Data records
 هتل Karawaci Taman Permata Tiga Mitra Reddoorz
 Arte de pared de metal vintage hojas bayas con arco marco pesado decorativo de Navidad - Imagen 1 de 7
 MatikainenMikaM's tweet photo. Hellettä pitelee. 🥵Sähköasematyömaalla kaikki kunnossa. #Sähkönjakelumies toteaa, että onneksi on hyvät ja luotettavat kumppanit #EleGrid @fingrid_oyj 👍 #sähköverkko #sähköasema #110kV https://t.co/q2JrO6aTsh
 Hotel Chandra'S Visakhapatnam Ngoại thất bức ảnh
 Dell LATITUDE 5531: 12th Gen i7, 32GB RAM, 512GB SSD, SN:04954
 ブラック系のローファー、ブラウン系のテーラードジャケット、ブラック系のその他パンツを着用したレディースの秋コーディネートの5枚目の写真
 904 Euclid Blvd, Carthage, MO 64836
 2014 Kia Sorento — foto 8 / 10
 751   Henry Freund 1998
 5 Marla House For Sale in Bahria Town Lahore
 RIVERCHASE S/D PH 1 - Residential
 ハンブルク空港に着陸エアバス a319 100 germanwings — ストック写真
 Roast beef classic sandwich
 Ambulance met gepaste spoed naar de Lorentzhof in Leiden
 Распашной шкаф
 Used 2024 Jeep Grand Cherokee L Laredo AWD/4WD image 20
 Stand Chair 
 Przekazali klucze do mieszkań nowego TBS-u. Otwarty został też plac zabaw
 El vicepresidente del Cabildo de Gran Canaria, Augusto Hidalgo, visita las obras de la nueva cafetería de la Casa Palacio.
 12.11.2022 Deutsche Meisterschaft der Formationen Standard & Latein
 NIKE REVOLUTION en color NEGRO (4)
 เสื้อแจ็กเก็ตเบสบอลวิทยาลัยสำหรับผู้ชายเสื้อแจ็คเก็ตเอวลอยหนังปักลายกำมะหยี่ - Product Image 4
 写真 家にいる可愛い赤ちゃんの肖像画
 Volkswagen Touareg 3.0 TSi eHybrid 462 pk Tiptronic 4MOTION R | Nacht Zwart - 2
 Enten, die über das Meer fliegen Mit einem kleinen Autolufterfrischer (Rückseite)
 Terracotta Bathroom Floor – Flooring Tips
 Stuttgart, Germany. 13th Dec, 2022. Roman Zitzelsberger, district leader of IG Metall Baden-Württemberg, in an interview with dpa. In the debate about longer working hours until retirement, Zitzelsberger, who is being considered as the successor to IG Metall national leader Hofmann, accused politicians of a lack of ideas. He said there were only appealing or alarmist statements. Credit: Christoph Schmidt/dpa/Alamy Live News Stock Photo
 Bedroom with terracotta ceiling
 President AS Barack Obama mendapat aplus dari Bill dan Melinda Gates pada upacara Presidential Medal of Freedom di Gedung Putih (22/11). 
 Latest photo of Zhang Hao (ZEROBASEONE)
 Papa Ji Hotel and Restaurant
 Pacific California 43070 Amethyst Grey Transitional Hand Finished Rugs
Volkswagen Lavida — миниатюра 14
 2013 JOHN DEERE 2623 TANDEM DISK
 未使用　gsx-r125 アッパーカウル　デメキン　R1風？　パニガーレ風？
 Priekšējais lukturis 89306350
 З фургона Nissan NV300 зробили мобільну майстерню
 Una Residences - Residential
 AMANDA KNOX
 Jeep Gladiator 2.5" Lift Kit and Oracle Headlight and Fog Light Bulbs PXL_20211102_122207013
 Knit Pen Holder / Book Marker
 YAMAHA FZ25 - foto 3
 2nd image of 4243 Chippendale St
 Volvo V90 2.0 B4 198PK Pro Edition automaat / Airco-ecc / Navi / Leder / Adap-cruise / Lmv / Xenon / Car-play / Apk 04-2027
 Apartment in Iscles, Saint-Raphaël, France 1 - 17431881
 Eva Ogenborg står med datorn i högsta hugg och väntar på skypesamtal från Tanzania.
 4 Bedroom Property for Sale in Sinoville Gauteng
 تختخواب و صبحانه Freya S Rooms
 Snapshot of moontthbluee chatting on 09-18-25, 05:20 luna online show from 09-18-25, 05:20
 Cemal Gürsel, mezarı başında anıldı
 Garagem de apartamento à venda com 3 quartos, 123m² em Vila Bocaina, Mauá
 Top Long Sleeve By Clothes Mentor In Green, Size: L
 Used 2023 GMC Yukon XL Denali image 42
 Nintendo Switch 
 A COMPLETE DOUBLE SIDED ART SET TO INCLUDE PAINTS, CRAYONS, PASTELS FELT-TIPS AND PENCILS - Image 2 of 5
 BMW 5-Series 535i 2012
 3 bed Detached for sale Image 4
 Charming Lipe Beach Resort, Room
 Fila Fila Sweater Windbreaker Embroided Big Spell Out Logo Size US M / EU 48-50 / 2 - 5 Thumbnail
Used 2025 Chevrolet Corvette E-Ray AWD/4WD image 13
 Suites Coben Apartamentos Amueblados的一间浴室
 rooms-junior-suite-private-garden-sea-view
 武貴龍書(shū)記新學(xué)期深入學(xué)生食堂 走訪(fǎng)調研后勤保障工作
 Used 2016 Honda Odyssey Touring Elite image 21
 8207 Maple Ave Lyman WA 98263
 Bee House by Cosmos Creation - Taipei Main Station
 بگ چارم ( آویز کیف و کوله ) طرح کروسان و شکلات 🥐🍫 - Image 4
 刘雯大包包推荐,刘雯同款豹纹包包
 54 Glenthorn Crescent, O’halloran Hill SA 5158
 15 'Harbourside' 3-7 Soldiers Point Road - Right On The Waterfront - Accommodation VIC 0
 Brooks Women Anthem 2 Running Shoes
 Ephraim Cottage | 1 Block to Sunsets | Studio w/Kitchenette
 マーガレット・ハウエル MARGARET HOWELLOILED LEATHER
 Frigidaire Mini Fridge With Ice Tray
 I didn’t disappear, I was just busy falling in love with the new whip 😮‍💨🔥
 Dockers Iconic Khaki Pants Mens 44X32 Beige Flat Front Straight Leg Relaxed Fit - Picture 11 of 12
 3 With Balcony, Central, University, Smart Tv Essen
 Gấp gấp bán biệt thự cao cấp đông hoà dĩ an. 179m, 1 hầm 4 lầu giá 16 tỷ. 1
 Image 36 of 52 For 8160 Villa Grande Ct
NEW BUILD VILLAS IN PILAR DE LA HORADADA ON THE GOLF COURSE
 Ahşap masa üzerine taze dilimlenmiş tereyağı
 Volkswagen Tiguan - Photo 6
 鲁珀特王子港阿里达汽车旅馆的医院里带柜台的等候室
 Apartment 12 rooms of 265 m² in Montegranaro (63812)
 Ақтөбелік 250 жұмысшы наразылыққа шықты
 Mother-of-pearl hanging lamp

What you are asked to do:
Write the number of lines above that contain the string "Jeep", and nothing besides.

Problem solution:
2